* EXERCISE AIM
Please set down, word for word, each line from the one containing "camaras y audio - bocina bluetooth pequeña" through the final line of the records below, both included, and nothing else.

* THE INPUT
※ ※ ※
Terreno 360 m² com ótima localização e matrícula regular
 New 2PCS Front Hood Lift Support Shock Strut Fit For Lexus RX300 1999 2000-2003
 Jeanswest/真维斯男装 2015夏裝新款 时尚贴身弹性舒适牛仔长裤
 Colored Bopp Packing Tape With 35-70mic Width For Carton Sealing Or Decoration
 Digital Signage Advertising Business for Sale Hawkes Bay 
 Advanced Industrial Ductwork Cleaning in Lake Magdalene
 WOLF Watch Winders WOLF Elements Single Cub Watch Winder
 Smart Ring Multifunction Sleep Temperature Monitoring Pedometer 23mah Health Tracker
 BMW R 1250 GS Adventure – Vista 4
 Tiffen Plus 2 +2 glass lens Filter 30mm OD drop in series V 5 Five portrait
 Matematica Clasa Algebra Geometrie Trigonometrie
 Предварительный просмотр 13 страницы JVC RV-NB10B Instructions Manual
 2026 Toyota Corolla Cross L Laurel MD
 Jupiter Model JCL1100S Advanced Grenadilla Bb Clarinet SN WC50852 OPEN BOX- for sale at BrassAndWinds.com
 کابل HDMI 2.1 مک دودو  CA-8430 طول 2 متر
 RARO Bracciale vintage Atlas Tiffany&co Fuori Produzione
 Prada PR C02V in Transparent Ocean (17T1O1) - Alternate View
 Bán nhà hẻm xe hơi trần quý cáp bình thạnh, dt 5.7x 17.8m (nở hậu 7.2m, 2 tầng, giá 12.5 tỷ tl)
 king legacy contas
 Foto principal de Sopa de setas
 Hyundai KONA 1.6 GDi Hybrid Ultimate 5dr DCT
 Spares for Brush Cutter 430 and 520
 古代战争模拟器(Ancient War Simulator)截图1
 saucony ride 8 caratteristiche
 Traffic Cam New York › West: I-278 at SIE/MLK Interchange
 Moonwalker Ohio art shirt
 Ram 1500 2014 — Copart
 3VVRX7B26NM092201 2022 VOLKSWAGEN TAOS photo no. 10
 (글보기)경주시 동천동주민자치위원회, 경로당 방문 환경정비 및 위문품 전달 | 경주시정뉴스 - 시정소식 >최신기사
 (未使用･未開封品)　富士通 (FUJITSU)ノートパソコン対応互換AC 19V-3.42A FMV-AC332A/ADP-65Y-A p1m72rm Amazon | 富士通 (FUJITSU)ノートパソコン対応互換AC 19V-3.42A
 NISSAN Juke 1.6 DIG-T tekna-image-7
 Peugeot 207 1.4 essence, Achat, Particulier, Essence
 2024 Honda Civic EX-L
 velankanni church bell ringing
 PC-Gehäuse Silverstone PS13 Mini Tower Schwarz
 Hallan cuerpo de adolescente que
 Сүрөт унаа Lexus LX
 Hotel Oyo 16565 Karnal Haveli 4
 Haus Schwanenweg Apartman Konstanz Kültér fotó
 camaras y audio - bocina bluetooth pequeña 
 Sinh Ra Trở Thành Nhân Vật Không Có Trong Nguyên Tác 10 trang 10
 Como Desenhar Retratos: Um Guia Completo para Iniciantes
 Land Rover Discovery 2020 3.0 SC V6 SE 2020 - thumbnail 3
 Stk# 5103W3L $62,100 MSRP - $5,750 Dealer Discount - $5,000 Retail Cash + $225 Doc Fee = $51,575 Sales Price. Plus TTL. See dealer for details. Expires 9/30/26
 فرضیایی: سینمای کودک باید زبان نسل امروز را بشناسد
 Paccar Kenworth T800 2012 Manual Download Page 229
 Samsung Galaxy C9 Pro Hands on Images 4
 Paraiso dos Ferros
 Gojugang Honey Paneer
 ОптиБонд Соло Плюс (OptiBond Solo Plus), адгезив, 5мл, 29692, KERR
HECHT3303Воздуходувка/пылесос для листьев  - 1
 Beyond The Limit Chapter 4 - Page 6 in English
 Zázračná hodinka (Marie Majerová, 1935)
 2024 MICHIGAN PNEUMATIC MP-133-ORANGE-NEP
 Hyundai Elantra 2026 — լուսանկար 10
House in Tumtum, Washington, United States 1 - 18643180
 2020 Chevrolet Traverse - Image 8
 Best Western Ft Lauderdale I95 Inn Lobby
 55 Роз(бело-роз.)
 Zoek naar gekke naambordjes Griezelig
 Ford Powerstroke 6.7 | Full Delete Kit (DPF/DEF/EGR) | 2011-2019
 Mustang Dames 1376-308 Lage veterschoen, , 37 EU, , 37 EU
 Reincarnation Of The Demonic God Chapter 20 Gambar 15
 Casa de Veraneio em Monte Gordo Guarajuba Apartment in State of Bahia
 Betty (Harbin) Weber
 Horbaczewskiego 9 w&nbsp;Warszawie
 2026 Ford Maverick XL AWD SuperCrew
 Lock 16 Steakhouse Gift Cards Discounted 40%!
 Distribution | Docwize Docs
※ ※ ※
* WORKED SOLUTION
 camaras y audio - bocina bluetooth pequeña 
 Sinh Ra Trở Thành Nhân Vật Không Có Trong Nguyên Tác 10 trang 10
 Como Desenhar Retratos: Um Guia Completo para Iniciantes
 Land Rover Discovery 2020 3.0 SC V6 SE 2020 - thumbnail 3
 Stk# 5103W3L $62,100 MSRP - $5,750 Dealer Discount - $5,000 Retail Cash + $225 Doc Fee = $51,575 Sales Price. Plus TTL. See dealer for details. Expires 9/30/26
 فرضیایی: سینمای کودک باید زبان نسل امروز را بشناسد
 Paccar Kenworth T800 2012 Manual Download Page 229
 Samsung Galaxy C9 Pro Hands on Images 4
 Paraiso dos Ferros
 Gojugang Honey Paneer
 ОптиБонд Соло Плюс (OptiBond Solo Plus), адгезив, 5мл, 29692, KERR
HECHT3303Воздуходувка/пылесос для листьев  - 1
 Beyond The Limit Chapter 4 - Page 6 in English
 Zázračná hodinka (Marie Majerová, 1935)
 2024 MICHIGAN PNEUMATIC MP-133-ORANGE-NEP
 Hyundai Elantra 2026 — լուսանկար 10
House in Tumtum, Washington, United States 1 - 18643180
 2020 Chevrolet Traverse - Image 8
 Best Western Ft Lauderdale I95 Inn Lobby
 55 Роз(бело-роз.)
 Zoek naar gekke naambordjes Griezelig
 Ford Powerstroke 6.7 | Full Delete Kit (DPF/DEF/EGR) | 2011-2019
 Mustang Dames 1376-308 Lage veterschoen, , 37 EU, , 37 EU
 Reincarnation Of The Demonic God Chapter 20 Gambar 15
 Casa de Veraneio em Monte Gordo Guarajuba Apartment in State of Bahia
 Betty (Harbin) Weber
 Horbaczewskiego 9 w&nbsp;Warszawie
 2026 Ford Maverick XL AWD SuperCrew
 Lock 16 Steakhouse Gift Cards Discounted 40%!
 Distribution | Docwize Docs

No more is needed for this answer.